Task item: Write out the entries below exactly, but only from the line containing "Piso de alquiler" through the line containing "14217 Travilah Road", and without the pictures.

Records supplied:
------------------------------------------------------------
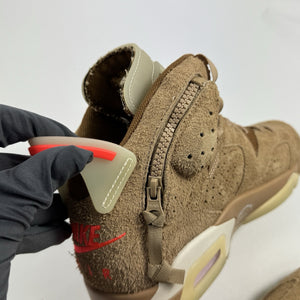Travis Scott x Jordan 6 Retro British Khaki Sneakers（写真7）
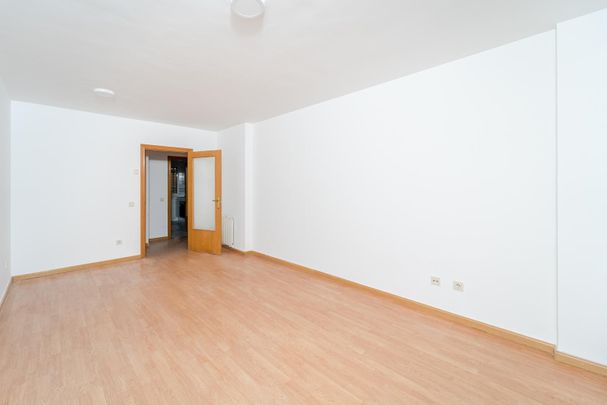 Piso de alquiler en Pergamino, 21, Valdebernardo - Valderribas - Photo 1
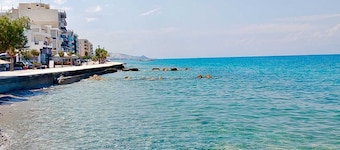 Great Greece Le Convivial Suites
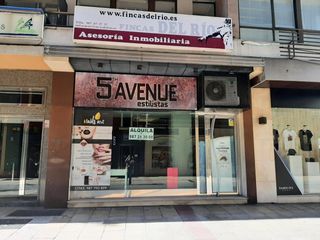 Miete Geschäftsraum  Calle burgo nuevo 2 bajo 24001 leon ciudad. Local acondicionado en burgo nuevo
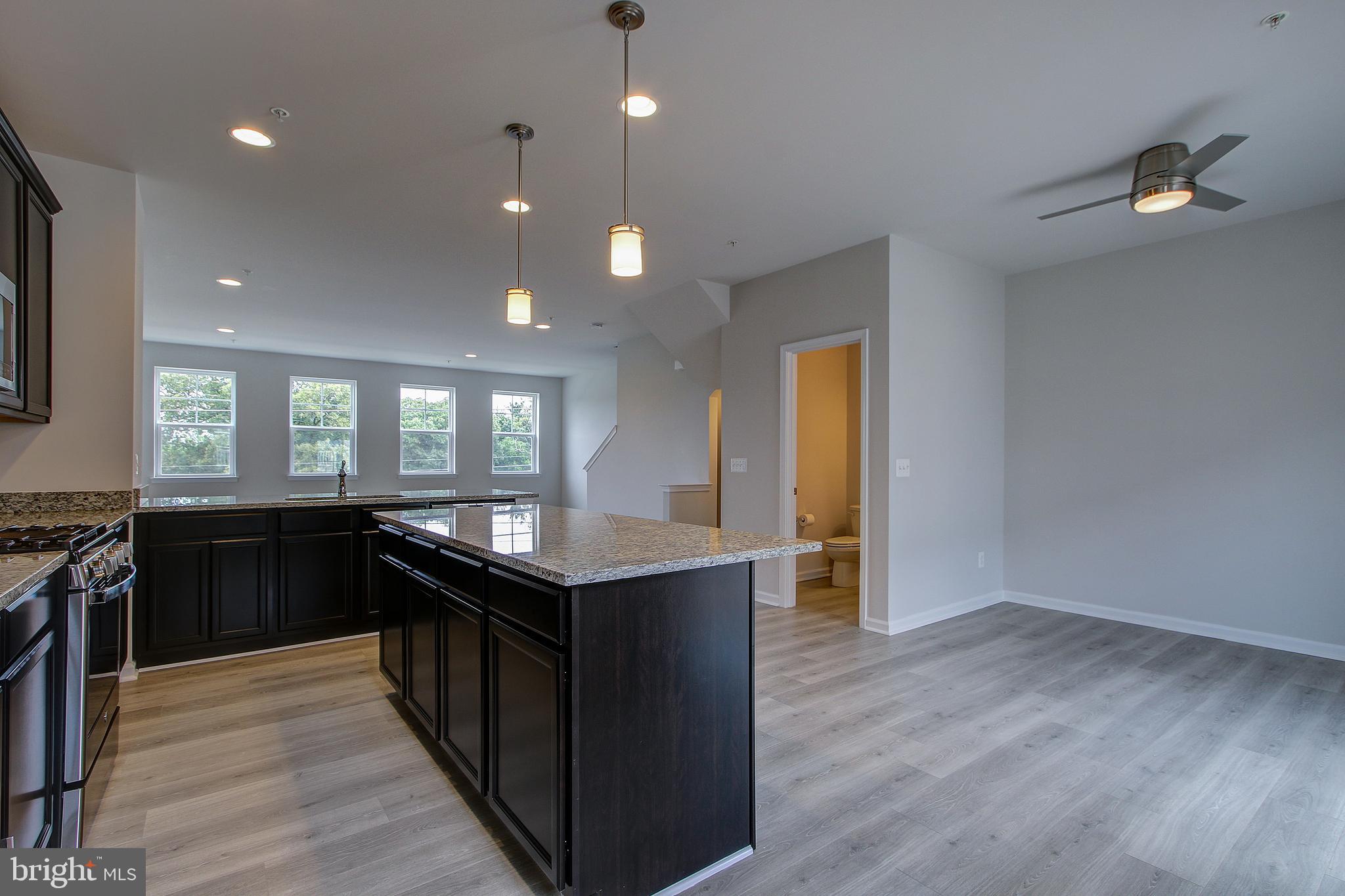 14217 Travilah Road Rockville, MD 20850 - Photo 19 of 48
------------------------------------------------------------
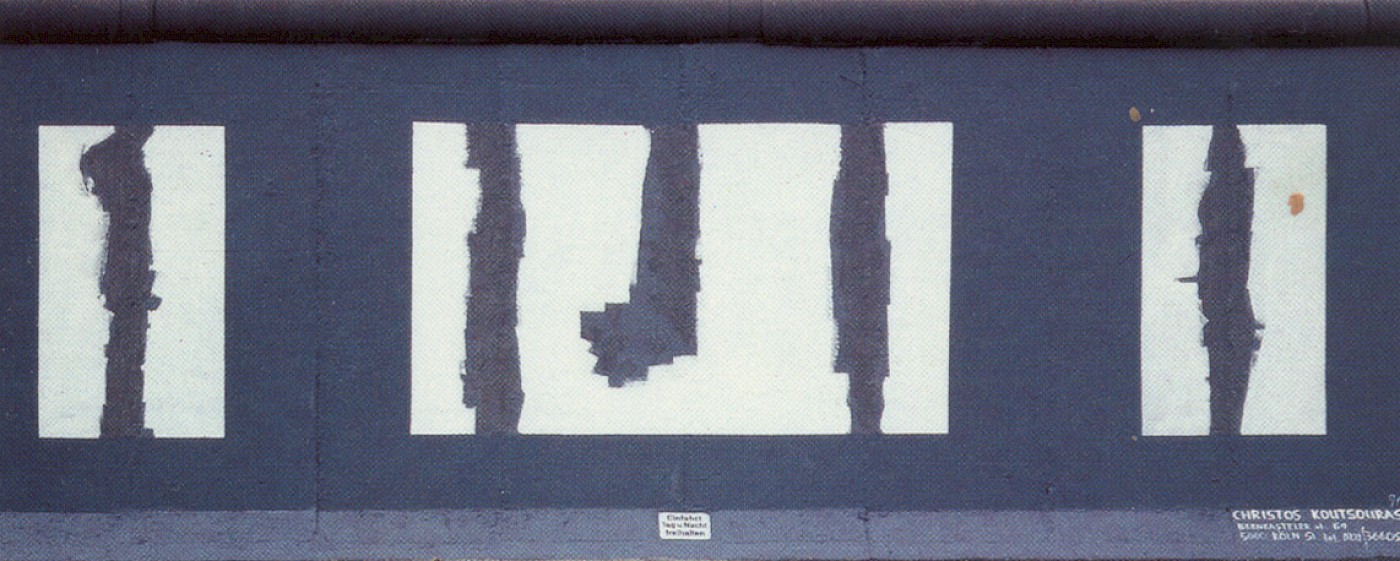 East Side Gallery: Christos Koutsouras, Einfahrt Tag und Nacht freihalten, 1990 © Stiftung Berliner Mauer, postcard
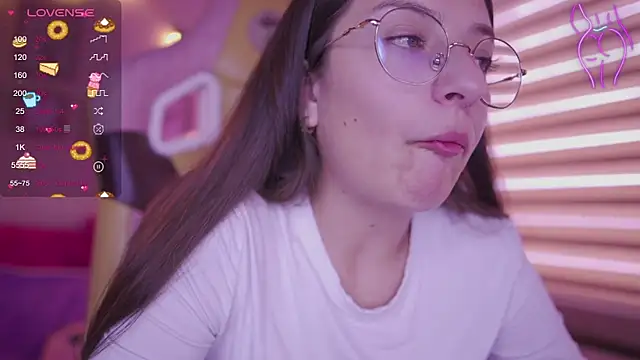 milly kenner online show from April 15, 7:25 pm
------------------------------------------------------------
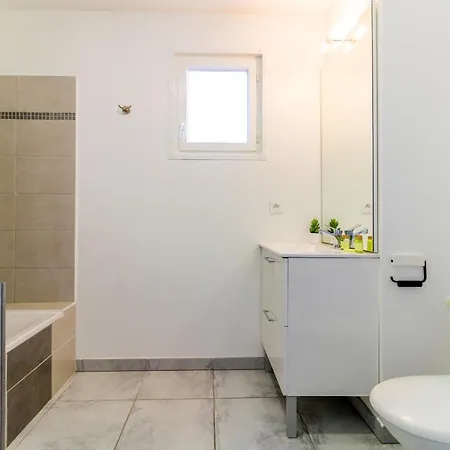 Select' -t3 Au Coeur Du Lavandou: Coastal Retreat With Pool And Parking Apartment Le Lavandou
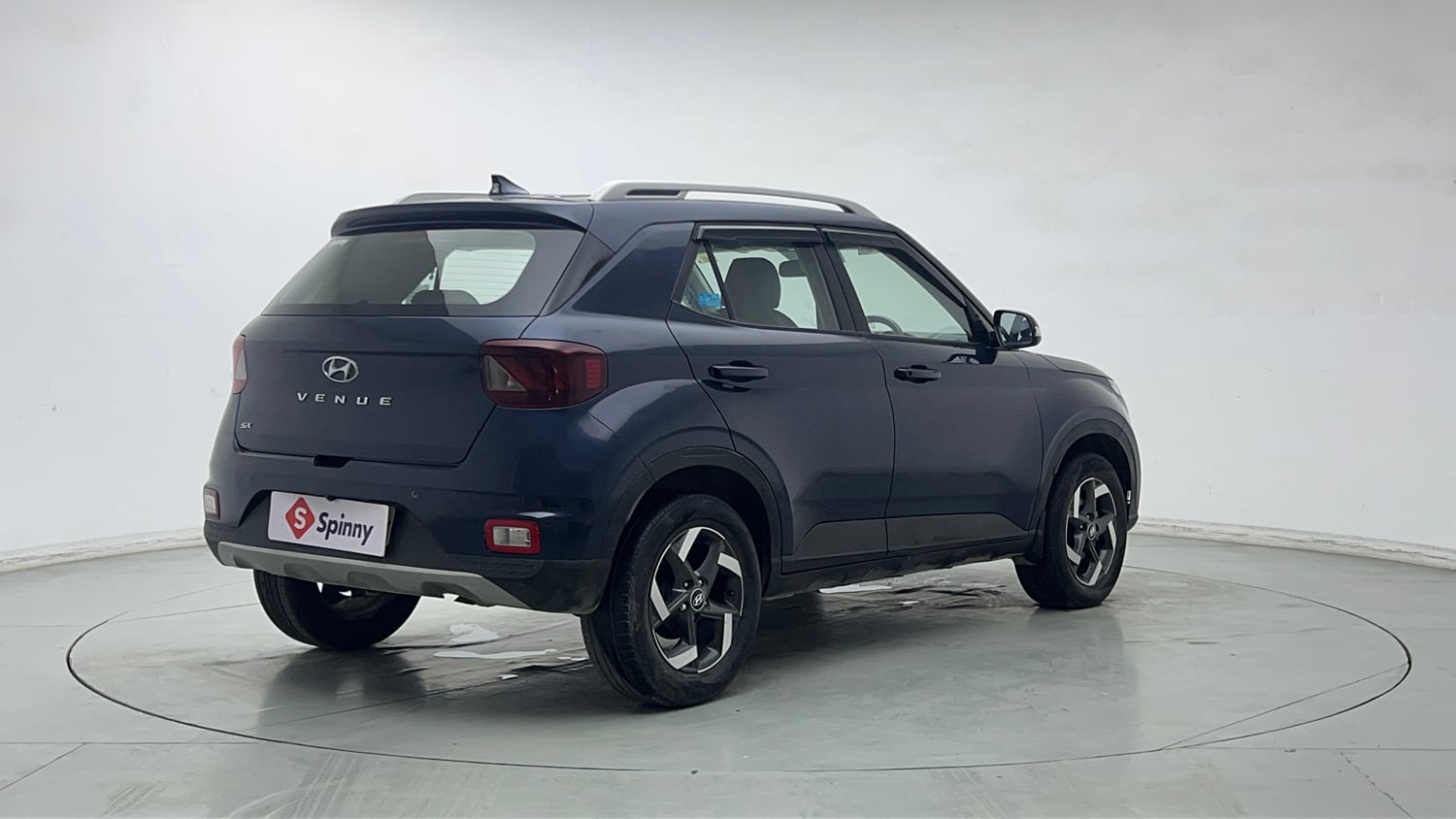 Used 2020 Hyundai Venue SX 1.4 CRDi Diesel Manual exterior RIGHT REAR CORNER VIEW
------------------------------------------------------------
Exercise response:
 Piso de alquiler en Pergamino, 21, Valdebernardo - Valderribas - Photo 1
 Great Greece Le Convivial Suites
 Miete Geschäftsraum  Calle burgo nuevo 2 bajo 24001 leon ciudad. Local acondicionado en burgo nuevo
 14217 Travilah Road Rockville, MD 20850 - Photo 19 of 48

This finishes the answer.